What you will do:
Output the lines of the records below exactly, beginning at their first line and ending at the line with "Купить Куртка зимняя"; include no pictures.

┌──

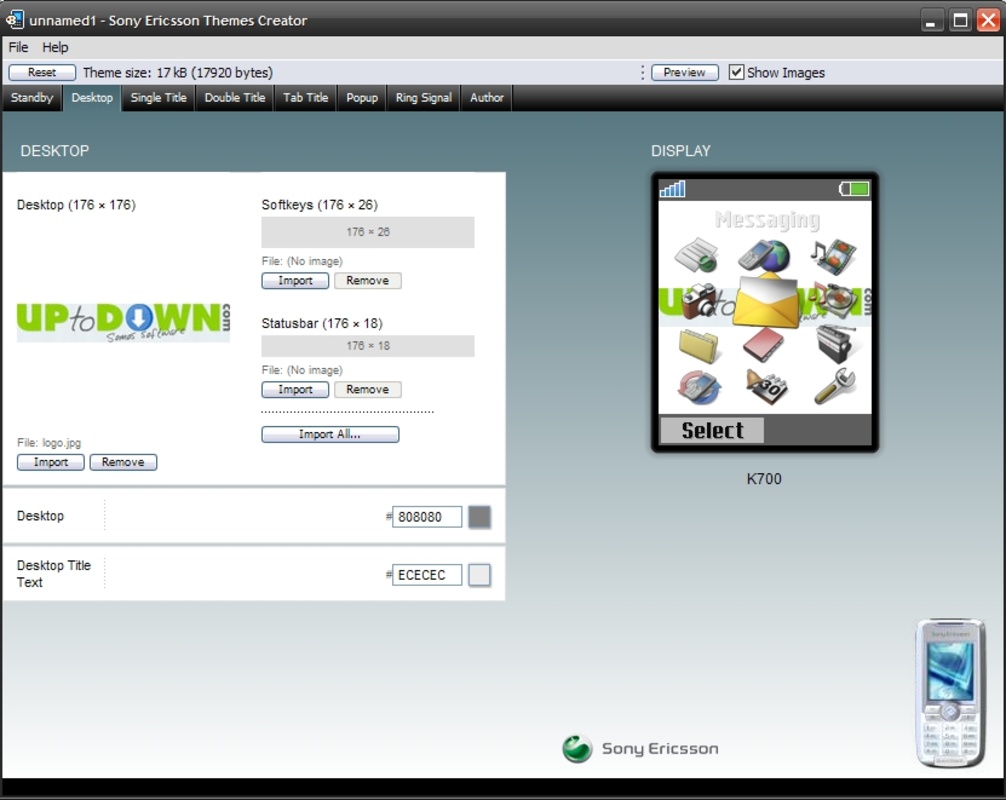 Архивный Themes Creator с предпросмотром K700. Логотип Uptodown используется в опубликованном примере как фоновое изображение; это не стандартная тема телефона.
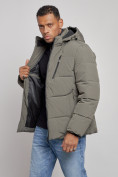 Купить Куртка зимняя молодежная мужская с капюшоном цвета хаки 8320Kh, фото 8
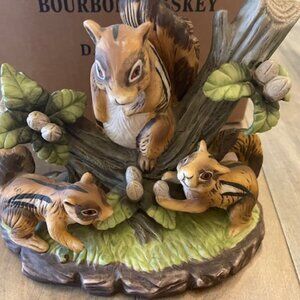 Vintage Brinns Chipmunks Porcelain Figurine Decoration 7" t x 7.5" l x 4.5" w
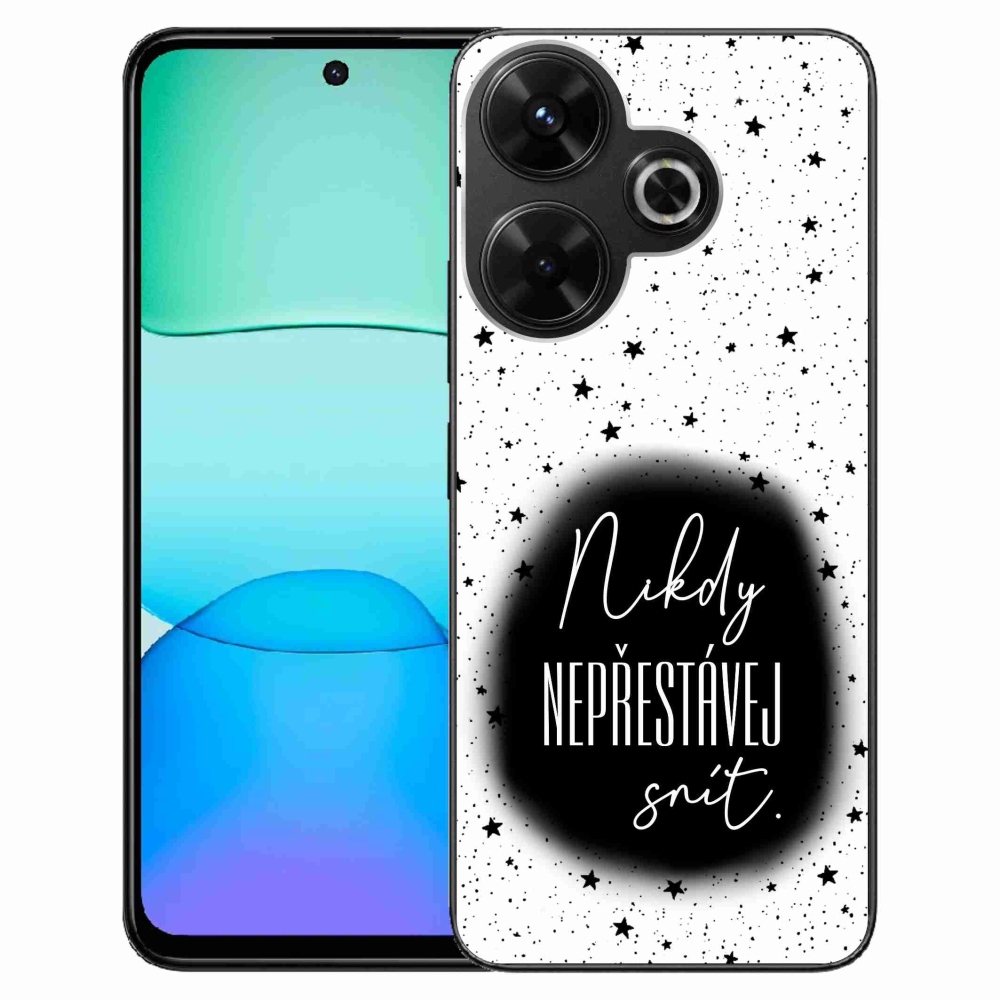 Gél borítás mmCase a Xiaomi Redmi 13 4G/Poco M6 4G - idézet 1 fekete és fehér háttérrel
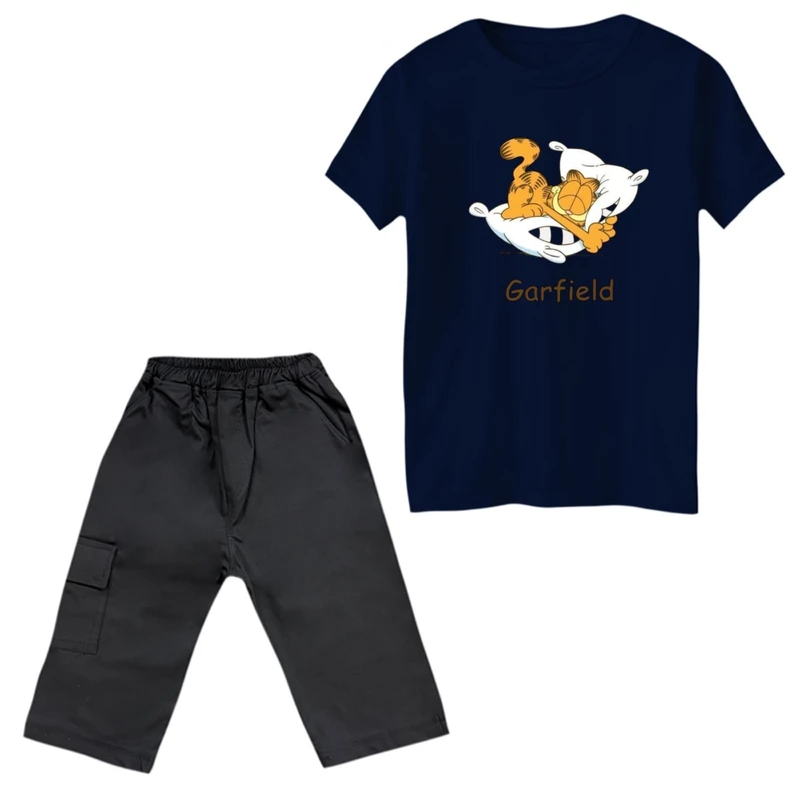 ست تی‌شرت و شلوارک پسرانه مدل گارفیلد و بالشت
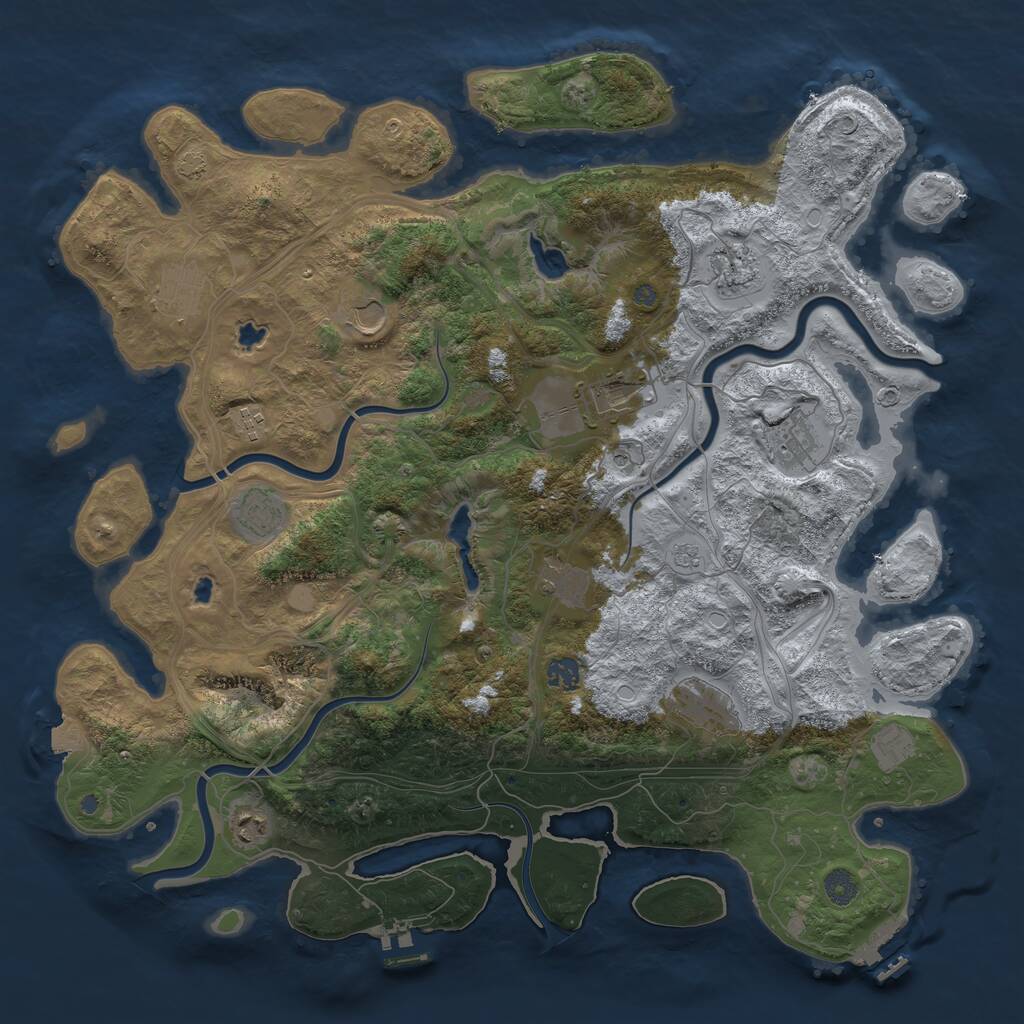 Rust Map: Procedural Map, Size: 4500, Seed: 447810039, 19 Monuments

└──

Exercise response:
 Архивный Themes Creator с предпросмотром K700. Логотип Uptodown используется в опубликованном примере как фоновое изображение; это не стандартная тема телефона.
 Купить Куртка зимняя молодежная мужская с капюшоном цвета хаки 8320Kh, фото 8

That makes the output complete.